The Valley Center for the Blind (VCB) teamed up with employees from the City of Fresno's Public Works Department Tuesday to give them a feel for what it's like to be visually impaired.
The goal of the sensitivity training was for them to better understand how visually impaired people move around the city and for engineers and designers to apply that knowledge when planning future projects.
Employees using canes were blindfolded and guided along sidewalks outside City Hall.
"It feels kind of like everybody's taking your power away because you don't know where you're going or what you're doing. It makes it a big difference to have to rely on someone to kind of have to help you get around," says Jon Clark, who works in street maintenance for the City of Fresno.
Non-visual cues around the city help those who are navigating without sight.

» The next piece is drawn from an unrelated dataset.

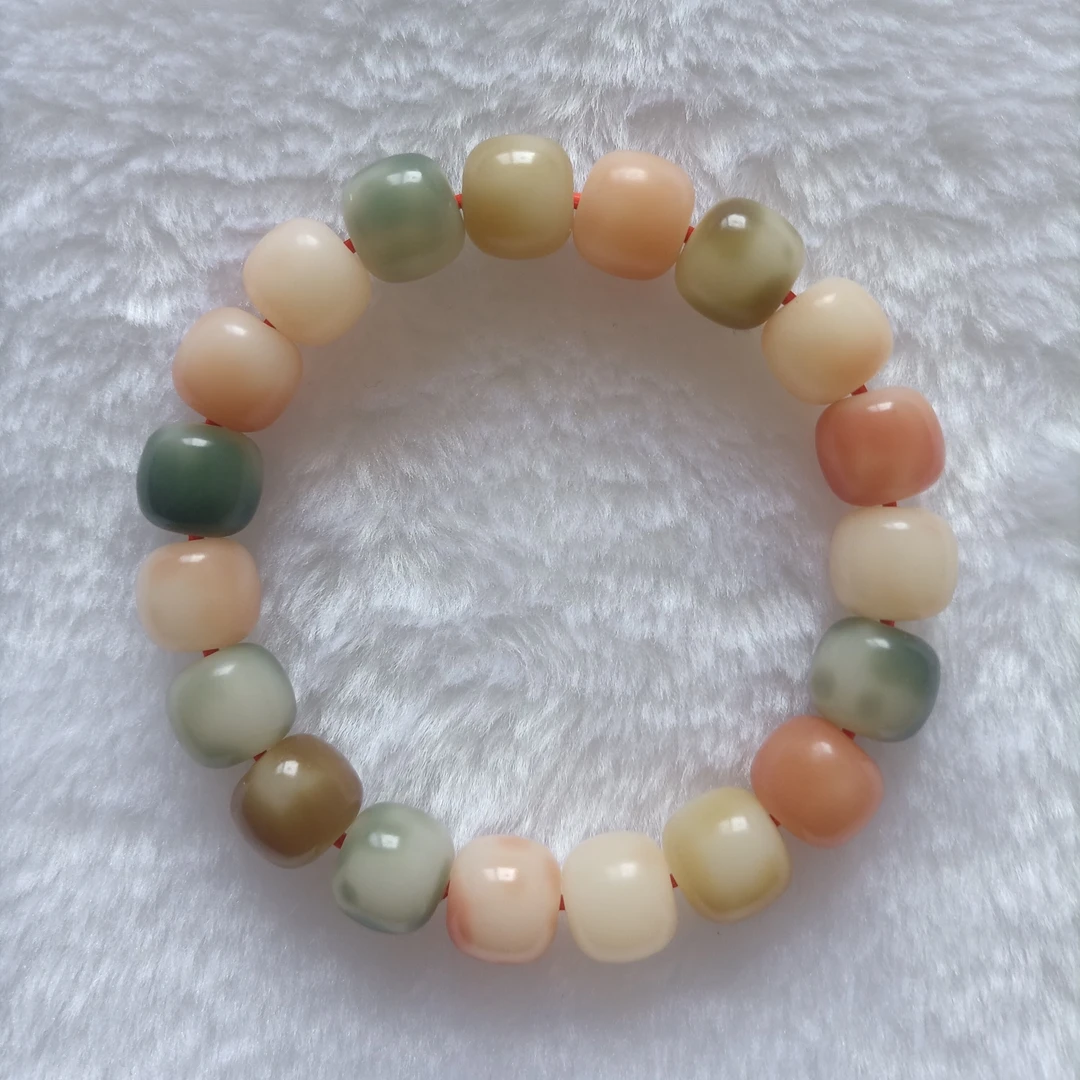非金属木质手镯 天然三花果冻菩提手串女款时尚百搭饰品彩色单圈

Talking or beeping traffic signals let people know when they can cross in the walkway, and the yellow bumps at the edge of the sidewalk (called truncated domes) let people know they've reached an intersection.
But visual signals do those without vision no good--creating a potentially hazardous situation. At the intersection of Tulare and O streets in downtown Fresno, a sign lets people know that the sidewalk on the other side of the street is closed due to construction-- something a blind person travelling by him or herself could not read.
"They get to see the little things that are taken for granted as a sighted person, such as a crack on the sidewalk, a pole a little too far from the intersection where you're going to line up," says Frank Lizarde, 48, who was born blind.
Although Lizarde faces challenges as a blind person, he doesn't let those challenges hinder his mobility and independence.
That's something Ken Warkentin, executive director of VCB, understands. Three years ago, his daughter Shaela was hurt in a bad accident and lost her vision. She's had to relearn to be mobile.
"Being able to get to school, to and from work, all those types of things--independent travel is very important," Warkentin says.
At the end of the training, city workers said that being blindfolded and having to be guided to walk along sidewalks made them feel lost, afraid, uncertain and hopeless. They said it was mentally exhausting.
With a better understanding, the goal is for future city projects to be planned using what was learned in the sensitivity training so that visually impaired people can be able to move independently without putting their safety at risk.